Clin Oncol (R Coll Radiol). 2011 Mar;23(2):141-8. doi: 10.1016/j.clon.2010.09.006. Epub 2010 Oct 8.
A significant proportion of patients with head and neck squamous cell carcinoma are unsuitable for radical treatment due to factors including tumour stage, performance status and co-morbidity. Palliative radiotherapy has a useful role in the control of local symptoms. This study documented the outcome with split-course hypofractionated radiotherapy.
Thirty-three previously untreated patients with head and neck squamous cell carcinoma were treated with palliative intent with split-course radiotherapy, with an initial 20 Gy in five fractions over 1 week, a 2 week gap, and then a further 20 Gy in five fractions over 1 week at the Yorkshire Cancer Centre between January 2004 and December 2007. Data were collected retrospectively from case notes and radiotherapy records.
Thirty (91%) patients had stage IV A-B disease. World Health Organization performance status was 2 or 3 in 19 (58%) patients. The median age was 76 years (range 48-91 years). Twenty-five (76%) patients were men. Symptomatic improvement was reported in 26 (79%) patients at 4-6 weeks of follow-up.

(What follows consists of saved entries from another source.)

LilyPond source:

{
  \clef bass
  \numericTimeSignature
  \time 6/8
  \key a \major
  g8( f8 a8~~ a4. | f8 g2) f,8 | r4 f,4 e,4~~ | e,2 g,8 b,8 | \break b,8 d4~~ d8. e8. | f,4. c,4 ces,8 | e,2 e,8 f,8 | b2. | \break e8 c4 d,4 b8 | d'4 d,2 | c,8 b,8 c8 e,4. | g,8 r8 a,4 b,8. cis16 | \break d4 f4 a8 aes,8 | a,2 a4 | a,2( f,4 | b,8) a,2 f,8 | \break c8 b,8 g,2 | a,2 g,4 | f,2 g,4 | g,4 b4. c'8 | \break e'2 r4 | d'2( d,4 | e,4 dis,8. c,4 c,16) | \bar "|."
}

Thirteen (39%) patients had a complete tumour response and 11 (33%) patients had a partial response as assessed clinically, and in some cases radiologically. The median overall survival was 9 months (range 3-43 months). Progression-free survival at 1 and 2 years was 35 and 25%, respectively. Overall survival at 1 and 2 years was 42 and 34%, respectively. Treatment was generally well tolerated; admission for nasogastric feeding and/or supportive care was required in only six patients. Radiation Therapy Oncology Group grade 3 toxicity was documented for skin in one patient, for mucosa in two patients and for oesophagitis in three patients.

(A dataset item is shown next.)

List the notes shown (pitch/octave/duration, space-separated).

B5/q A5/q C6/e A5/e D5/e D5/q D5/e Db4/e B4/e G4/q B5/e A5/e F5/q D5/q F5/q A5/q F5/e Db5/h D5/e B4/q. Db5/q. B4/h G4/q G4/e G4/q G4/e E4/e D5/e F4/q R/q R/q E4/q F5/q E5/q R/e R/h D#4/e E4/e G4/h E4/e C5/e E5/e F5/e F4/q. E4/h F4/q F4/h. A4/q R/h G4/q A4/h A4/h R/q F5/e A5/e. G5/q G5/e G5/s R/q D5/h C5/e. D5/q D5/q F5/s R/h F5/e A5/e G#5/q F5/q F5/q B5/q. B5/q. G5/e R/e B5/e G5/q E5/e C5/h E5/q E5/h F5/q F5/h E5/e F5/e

Split-course hypofractionated radiotherapy is an effective palliative regimen with acceptable toxicity.
由于肿瘤分期、身体状况和合并症等因素,相当一部分头颈部鳞状细胞癌患者不适合根治性治疗。姑息性放疗在控制局部症状方面具有重要作用。本研究记录了分段低分割放疗的结果。
2004 年 1 月至 2007 年 12 月,在约克郡癌症中心,采用分段低分割放疗对 33 例未经治疗的头颈部鳞状细胞癌患者进行姑息性治疗,初始剂量为 20 Gy,分 5 次,每周 1 次,共 5 次;2 周后剂量为 20 Gy,分 5 次,每周 1 次。数据从病历和放疗记录中回顾性收集。

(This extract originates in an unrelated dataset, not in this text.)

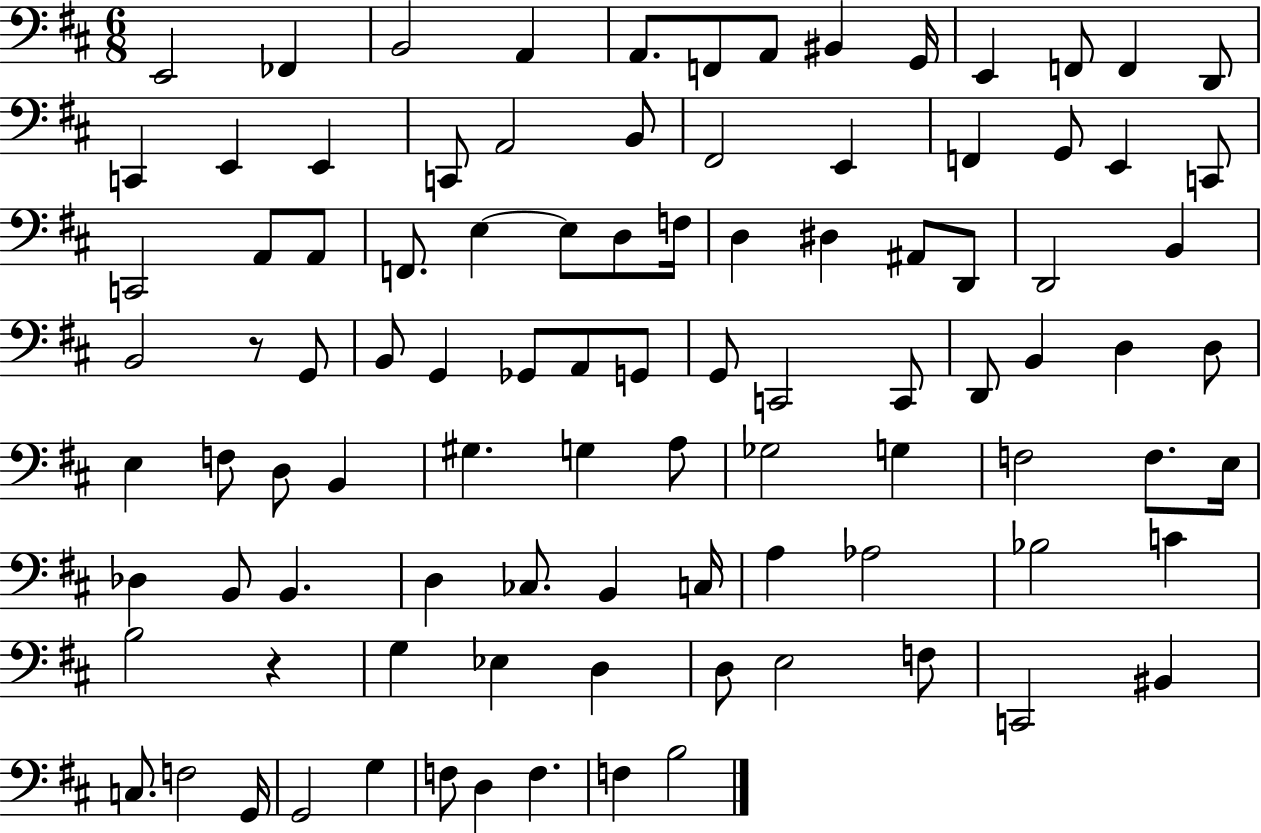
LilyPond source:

30 例(91%)患者为 IVA-B 期疾病。19 例(58%)患者的世界卫生组织体能状况为 2 或 3 级。中位年龄为 76 岁(48-91 岁)。25 例(76%)患者为男性。26 例(79%)患者在随访 4-6 周时报告症状改善。13 例(39%)患者的肿瘤完全缓解,11 例(33%)患者的肿瘤部分缓解,在某些情况下通过影像学评估。中位总生存期为 9 个月(3-43 个月)。1 年和 2 年无进展生存率分别为 35%和 25%。1 年和 2 年总生存率分别为 42%和 34%。治疗总体上耐受性良好;仅 6 例患者需要鼻饲和/或支持性治疗入院。1 例患者发生皮肤 3 级放射治疗肿瘤学组毒性,2 例患者发生黏膜 3 级毒性,3 例患者发生食管炎 3 级毒性。
分段低分割放疗是一种有效的姑息治疗方案,具有可接受的毒性。